Activity –
Pictures left aside, return the lines below exactly, from the one with "hoạt động tình nguyện năm 2024" to the end, including both ends.

[Crawled caption data]
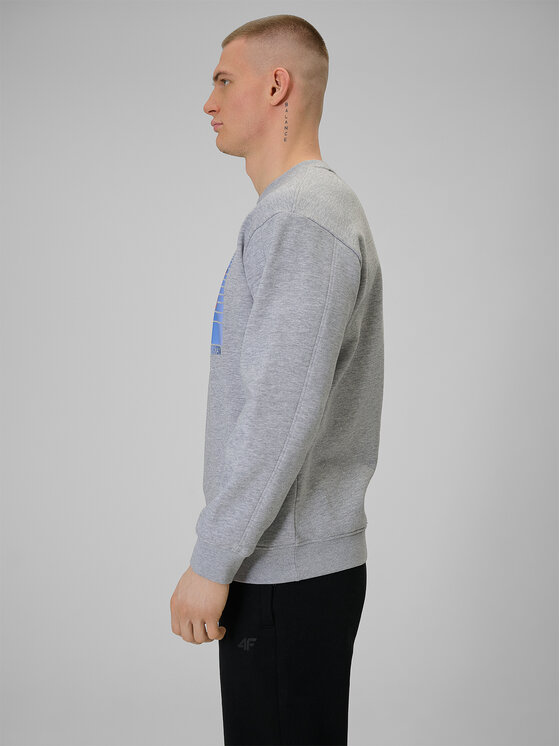 4F 4F Bluza WINTER CODE Szary jasny Regular Fit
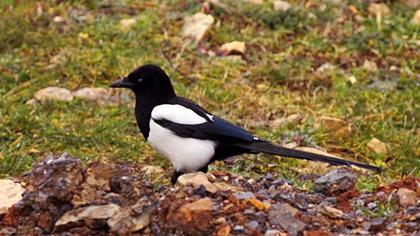 Eurasian Magpie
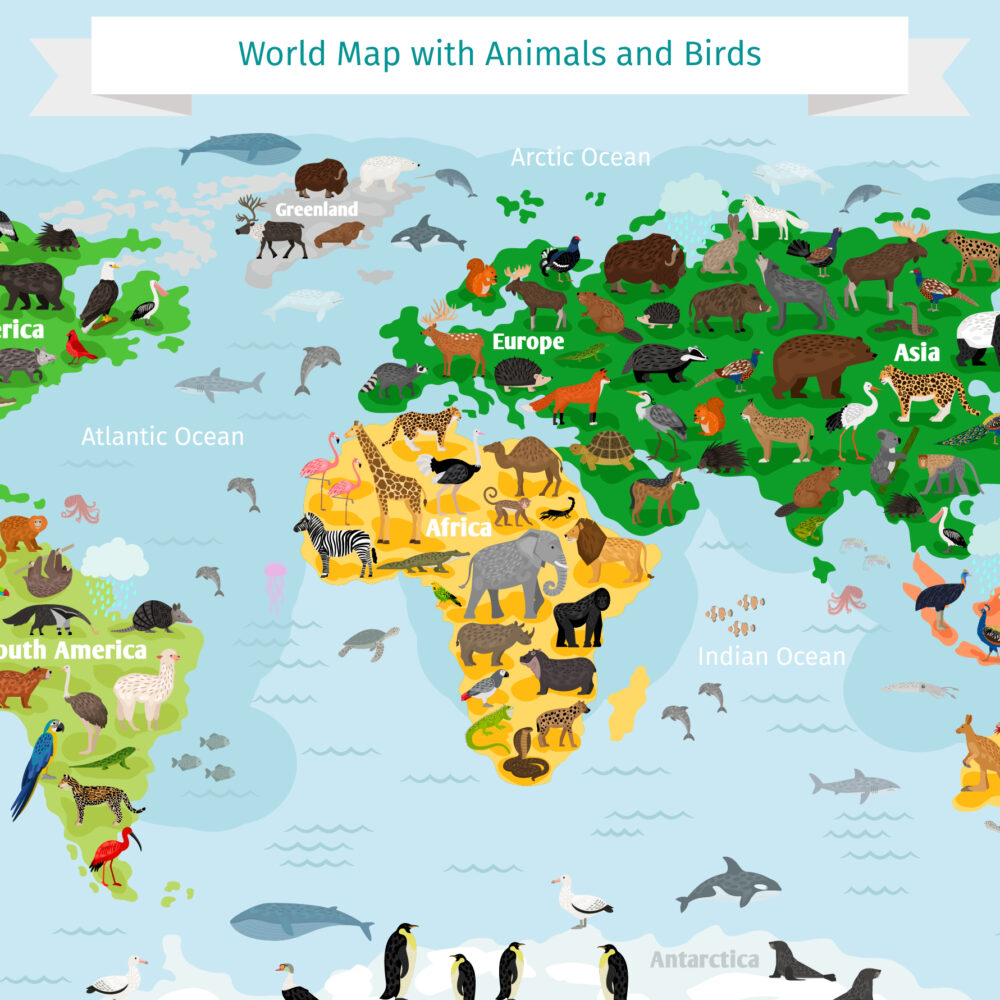 The animal map is brightly colored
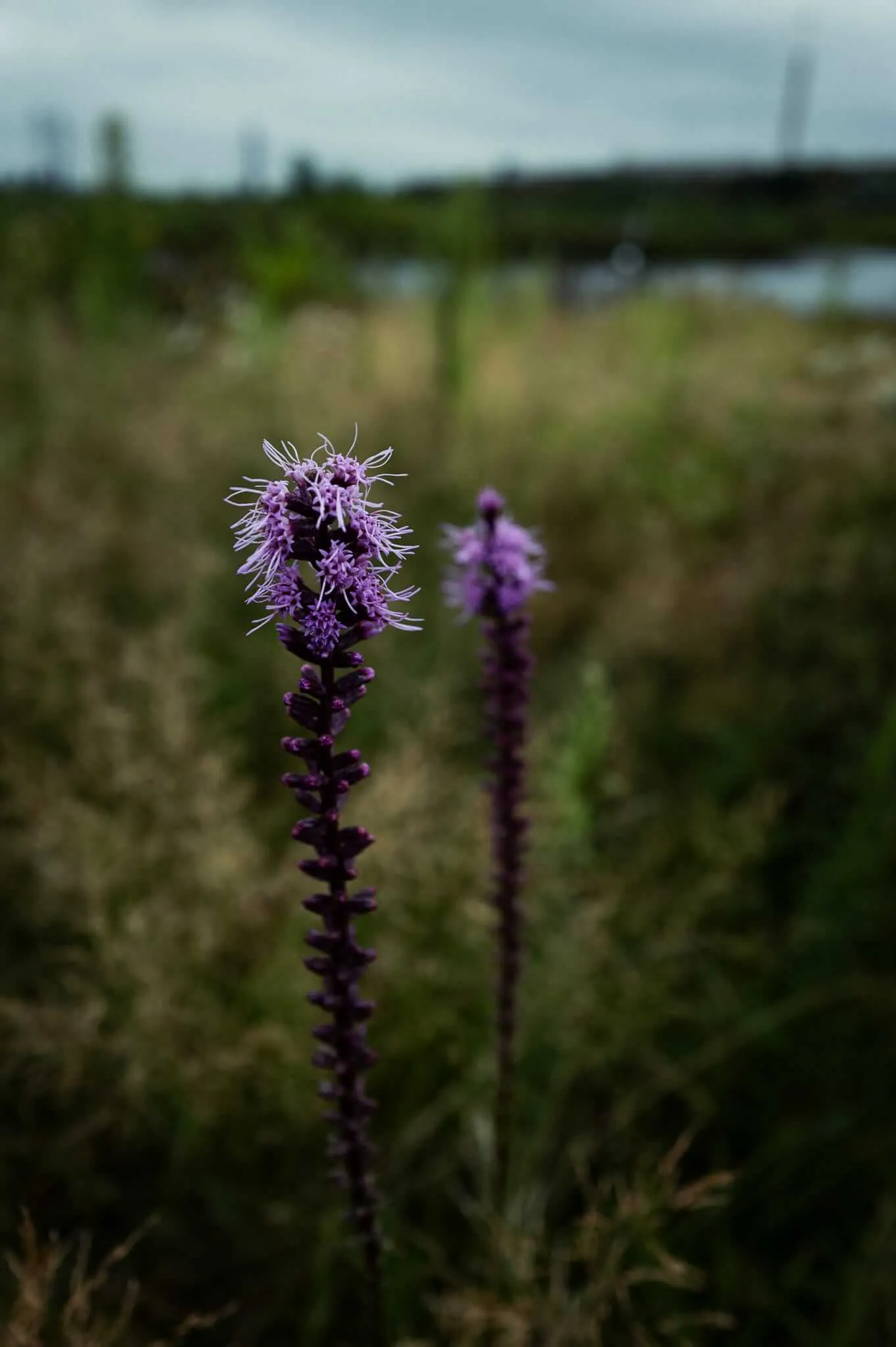 Two tall Liatris spicata wildflowers with fuzzy purple blooms rising above a blurred meadow backdrop under an overcast sky, with shallow depth of field highlighting the foreground spike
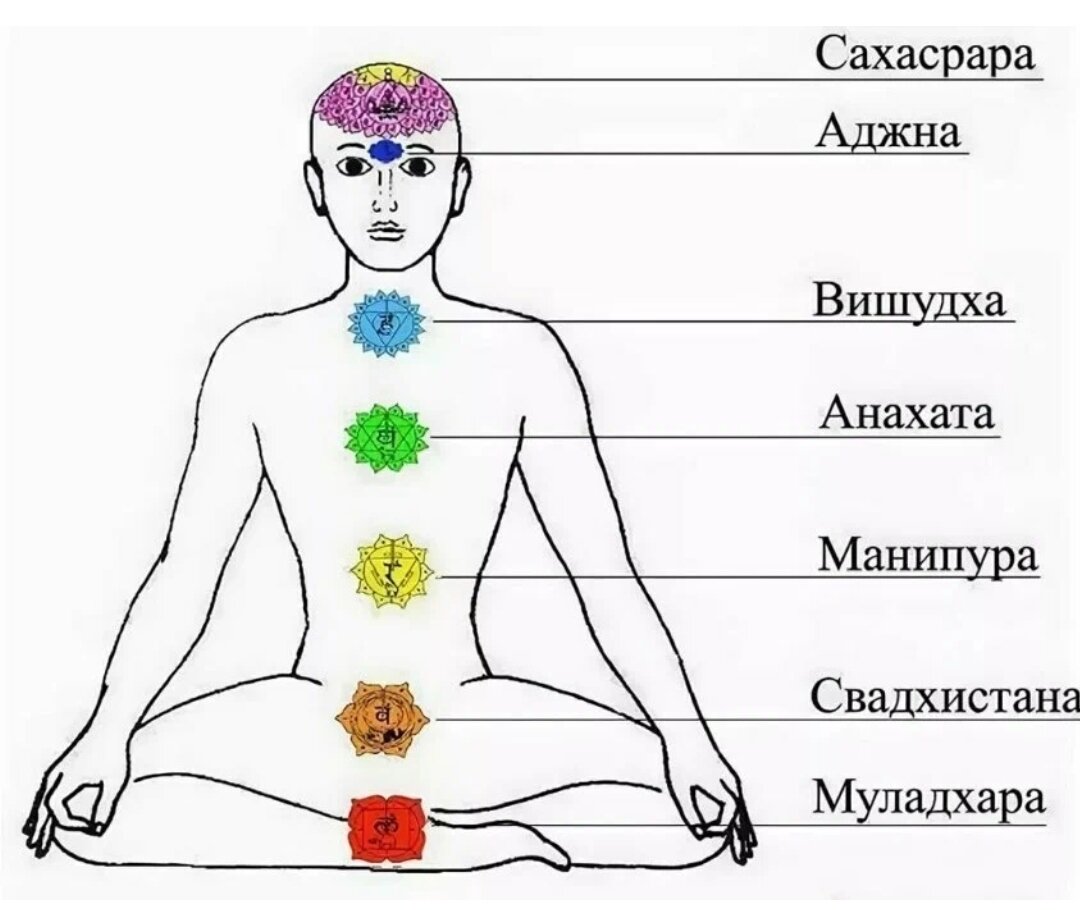 Они расположены. Чакры человека схема. Муладхара Свадхистана Манипура Анахата Вишудха Аджна Сахасрара. Чакры схема расположения. Расположение чакр на теле человека рисунок.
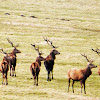 Red Deer (stag)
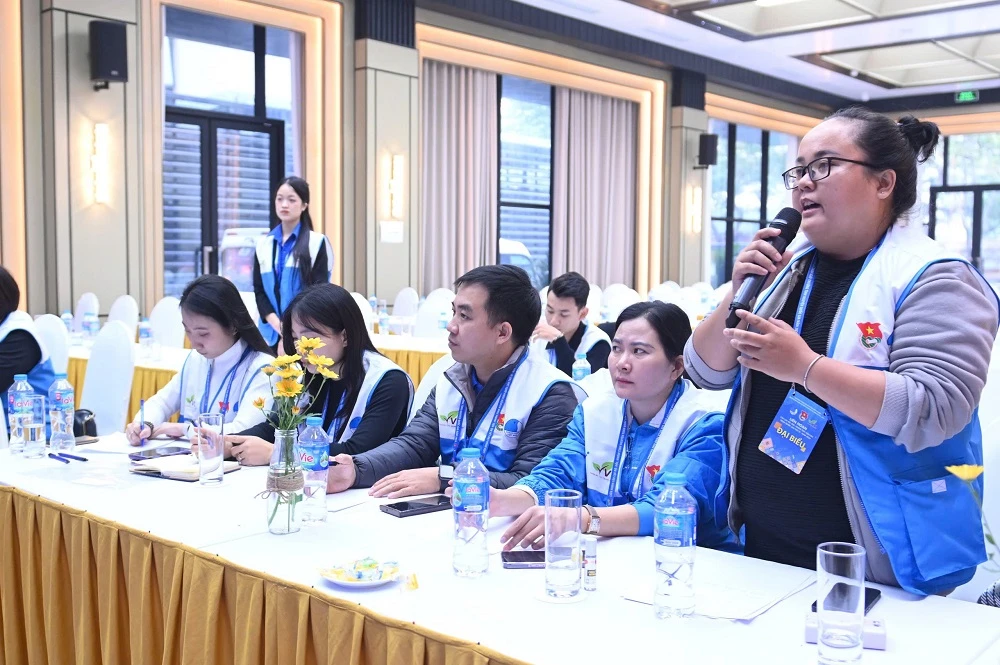 hoạt động tình nguyện năm 2024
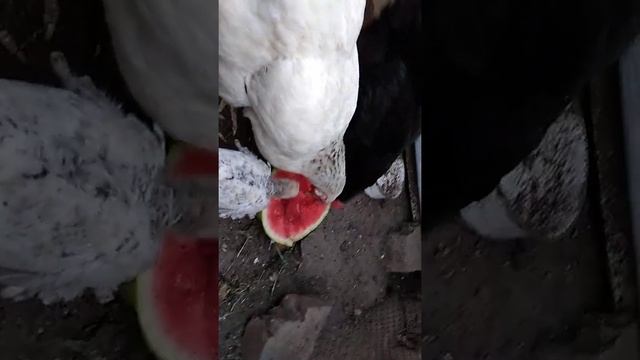 Как куры едят арбуз? смотреть онлайн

Answer to the exercise –
 hoạt động tình nguyện năm 2024
 Как куры едят арбуз? смотреть онлайн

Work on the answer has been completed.